### What you will do
Your task is to transcribe the entries below exactly, from their first line down to the line containing "Museum Grade - Yellow", and to stop there.

### Given entries
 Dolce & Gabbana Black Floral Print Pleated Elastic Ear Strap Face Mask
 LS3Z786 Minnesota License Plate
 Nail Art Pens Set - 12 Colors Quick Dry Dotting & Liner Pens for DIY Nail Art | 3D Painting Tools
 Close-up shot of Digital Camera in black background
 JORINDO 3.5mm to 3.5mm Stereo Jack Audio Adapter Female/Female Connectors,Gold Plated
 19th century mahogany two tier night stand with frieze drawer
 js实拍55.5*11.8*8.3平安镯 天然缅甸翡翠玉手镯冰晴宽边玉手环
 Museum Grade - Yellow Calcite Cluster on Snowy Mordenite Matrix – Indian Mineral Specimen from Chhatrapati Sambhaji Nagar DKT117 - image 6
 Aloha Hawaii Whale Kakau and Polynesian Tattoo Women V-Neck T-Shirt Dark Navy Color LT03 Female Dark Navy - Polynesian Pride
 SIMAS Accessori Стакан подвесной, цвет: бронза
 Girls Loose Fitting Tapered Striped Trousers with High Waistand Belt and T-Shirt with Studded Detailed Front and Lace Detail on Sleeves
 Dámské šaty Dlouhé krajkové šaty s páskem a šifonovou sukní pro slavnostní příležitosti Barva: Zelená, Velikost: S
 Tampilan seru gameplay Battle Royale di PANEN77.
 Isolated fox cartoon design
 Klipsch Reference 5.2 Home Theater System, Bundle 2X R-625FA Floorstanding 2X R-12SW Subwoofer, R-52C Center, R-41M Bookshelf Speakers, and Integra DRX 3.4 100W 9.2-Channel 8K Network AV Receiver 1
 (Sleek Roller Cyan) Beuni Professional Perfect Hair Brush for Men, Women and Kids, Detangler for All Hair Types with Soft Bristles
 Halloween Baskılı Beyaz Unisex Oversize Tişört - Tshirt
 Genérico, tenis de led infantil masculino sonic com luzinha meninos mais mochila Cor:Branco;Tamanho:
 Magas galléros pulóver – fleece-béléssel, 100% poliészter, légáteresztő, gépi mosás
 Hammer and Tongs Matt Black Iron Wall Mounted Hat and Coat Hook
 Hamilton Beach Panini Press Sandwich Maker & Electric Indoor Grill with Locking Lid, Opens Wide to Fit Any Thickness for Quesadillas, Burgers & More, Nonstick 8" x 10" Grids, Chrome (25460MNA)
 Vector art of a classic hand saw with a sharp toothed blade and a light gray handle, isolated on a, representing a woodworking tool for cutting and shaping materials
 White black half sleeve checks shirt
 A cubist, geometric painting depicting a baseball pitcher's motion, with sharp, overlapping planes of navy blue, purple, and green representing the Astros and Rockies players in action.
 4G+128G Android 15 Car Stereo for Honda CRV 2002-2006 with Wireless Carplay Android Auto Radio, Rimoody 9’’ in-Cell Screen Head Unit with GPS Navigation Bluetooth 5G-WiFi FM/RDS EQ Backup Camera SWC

### Output
 Dolce & Gabbana Black Floral Print Pleated Elastic Ear Strap Face Mask
 LS3Z786 Minnesota License Plate
 Nail Art Pens Set - 12 Colors Quick Dry Dotting & Liner Pens for DIY Nail Art | 3D Painting Tools
 Close-up shot of Digital Camera in black background
 JORINDO 3.5mm to 3.5mm Stereo Jack Audio Adapter Female/Female Connectors,Gold Plated
 19th century mahogany two tier night stand with frieze drawer
 js实拍55.5*11.8*8.3平安镯 天然缅甸翡翠玉手镯冰晴宽边玉手环
 Museum Grade - Yellow Calcite Cluster on Snowy Mordenite Matrix – Indian Mineral Specimen from Chhatrapati Sambhaji Nagar DKT117 - image 6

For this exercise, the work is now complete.